*Data for this task*.
=== Begin Enclosure ===

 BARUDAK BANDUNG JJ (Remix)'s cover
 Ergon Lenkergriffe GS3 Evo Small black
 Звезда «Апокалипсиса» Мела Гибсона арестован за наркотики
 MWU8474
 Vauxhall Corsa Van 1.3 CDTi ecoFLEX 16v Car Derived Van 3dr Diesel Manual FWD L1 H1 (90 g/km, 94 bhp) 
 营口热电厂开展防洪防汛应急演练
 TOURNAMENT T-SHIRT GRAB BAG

=== End Enclosure ===
=== Begin Enclosure ===

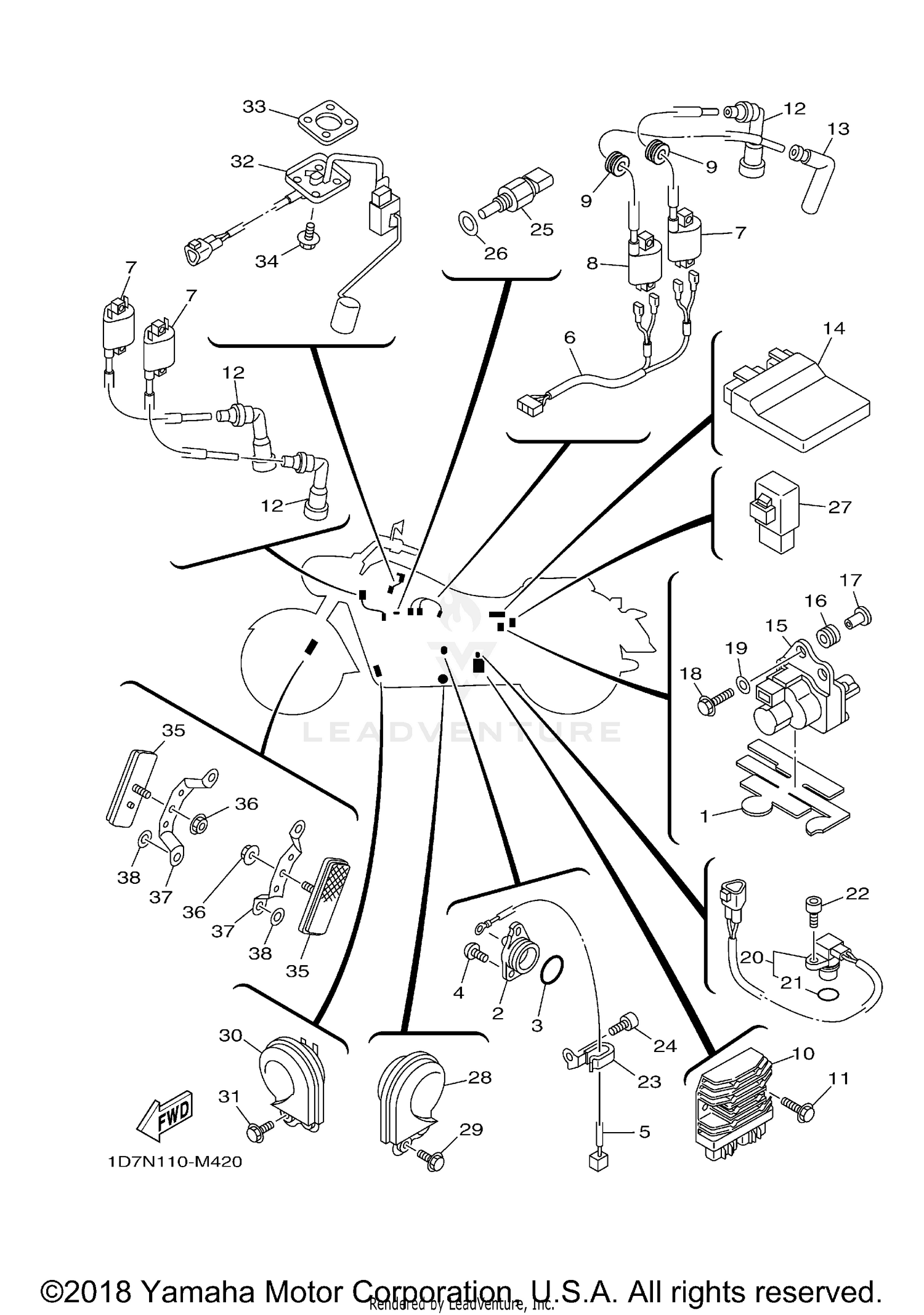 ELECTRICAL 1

=== End Enclosure ===

*To do*.
Using the material above, transcribe exactly the lines from the line with "арестован за наркотики" to the line with "TOURNAMENT T-SHIRT GRAB BAG"; both count, and nothing else goes in.

*Answer section*.
 Звезда «Апокалипсиса» Мела Гибсона арестован за наркотики
 MWU8474
 Vauxhall Corsa Van 1.3 CDTi ecoFLEX 16v Car Derived Van 3dr Diesel Manual FWD L1 H1 (90 g/km, 94 bhp) 
 营口热电厂开展防洪防汛应急演练
 TOURNAMENT T-SHIRT GRAB BAG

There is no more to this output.